3. Land use choices affect the environment through impacts on air quality, water availability and quality, and waste disposal.

4. Land use choices affect California's urban areas. Today's fiscal incentives encourage sprawl and impede the revitalization of core city neighborhoods.

5. Land use choices affect development pressures on agricultural lands.

6. Land use choices affect where land is preserved, as well as where land is developed. Today these choices are made in isolation, not simultaneously, and as a result, neither goal is met well.

Another obstacle is that Californians are not in agreement about who should pay for new infrastructure. Californians are particularly divided on the question of whether new residents should be entirely responsible to pay for new infrastructure - "growth should pay for itself." While this slogan is initially attractive to some people, there are two reasons to take a different view:

1. While some infrastructure directly serves new residents (e.g., new schools and roads in an undeveloped area), much of the new infrastructure either modernizes existing facilities or also serves existing residents and businesses.

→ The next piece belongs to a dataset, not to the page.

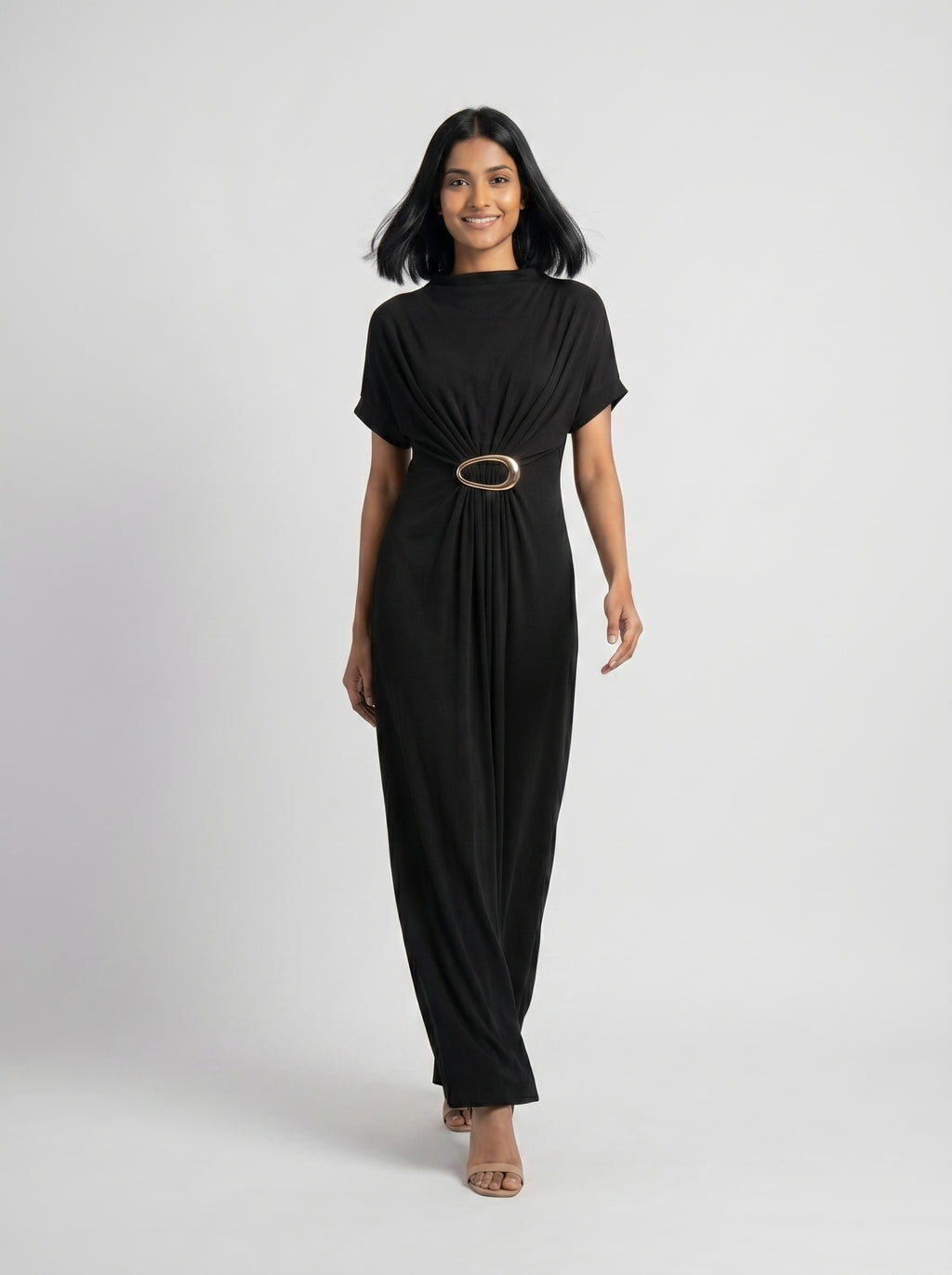 Elegant Ring Detail Maxi Dress for Women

2. There is broad agreement that California's last wave of infrastructure spending ended in the 1960s. Since then residents have not paid to keep pace with growth, and serious infrastructure shortages have developed.

For these reasons, placing the burden of funding infrastructure solely on new residents will lead to inadequate funding relative to the state's economy and create an equity imbalance between new and existing residents.

The following text is excerpted from a list of principles for prosperity and quality of life included in the report.

Fiscal Reform is Essential Meeting economic prosperity goals requires fiscal reform. Funding infrastructure for economic and quality of life goals requires fiscal reform. Creating land use planning incentives for sustainable regions requires fiscal reform.

While there is no agreement yet on solutions, there is growing agreement that is bringing economic, planning, and environmental interests together on three major problem areas.

Current Fiscal Rules Give the Wrong Land Use Planning Incentives

Local governments have a fiscal incentive to add major sales tax generating activities and often have a fiscal disincentive to add housing and even manufacturing facilities. The economic reality is, however, that the number of big retail facilities is limited and the only choice is where they locate within a region - so the fiscal competition adds nothing regionally. On the other hand, fiscal disincentives for housing can reduce a region's housing production or make housing more expensive, as cities place high fees on new housing to make up for lagging revenues from other sources.

"Today, however, land use planning no longer creates a healthy balance in California's communities. All too often, communities are forced to make land use planning decisions based entirely on budget decisions. The question of how to create healthy, balanced communities has become secondary to the immediate need to balance the budget."

--Restoring the Balance:Managing Fiscal Issues and Land Use Planning Decisions in California California Planning Roundtable

High development fees are a feature of California's post-Proposition 13 local government finance system. These fees, designed to help revenue-starved communities finance infrastructure and public services, add substantially to the cost of new housing.

"Our analysis shows that the fees imposed on new construction are significant, typically falling in the range of $20,000 to $30,000 per development. In one community, the fees and assessments totaled 19 percent of the mean sales price."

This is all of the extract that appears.